Greg Kroah-Hartman, the stable Linux kernel maintainer, could have prefaced his Open Source Summit Europe keynote speech, MDS, Fallout, Zombieland, and Linux, by paraphrasing Winston Churchill: I have nothing to offer but blood sweat and tears for dealing with Intel CPU's security problems.
Or as a Chinese developer told him recently about these problems: "This is a sad talk." The sadness is that the same Intel CPU speculative execution problems, which led to Meltdown and Spectre security issues, are alive and well and causing more trouble.

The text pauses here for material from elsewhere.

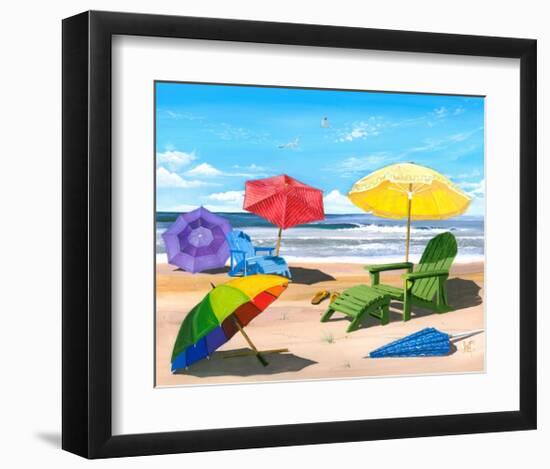 Sun Screen-Scott Westmoreland-Framed Art Print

The problem with how Intel designed speculative execution is that, while anticipating the next action for the CPU to take does indeed speed things up, it also exposes data along the way. That's bad enough on your own server, but when it breaks down the barriers between virtual machines (VM)s in cloud computing environments, it's a security nightmare.

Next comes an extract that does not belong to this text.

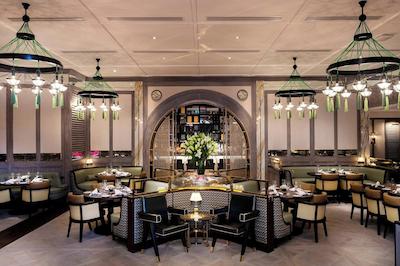 شرایتون گرند دوحه ریزورت اند کانونشن هتل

(Score: 1, Interesting) by Anonymous Coward on Wednesday October 30 2019, @07:38PM (1 child)
Virtual Machines didn't sell enough CPUs. Now everyone will need actual machines each with their own CPU!
(Score: 0) by Anonymous Coward on Wednesday October 30 2019, @08:15PM
Rumor has it that a lot of companies are pissed off at Intel, expect more problems, and no gesture is going to prevent them from switching to AMD. Companies that were thinking about switching to AMD in the future accelerated their plans by years.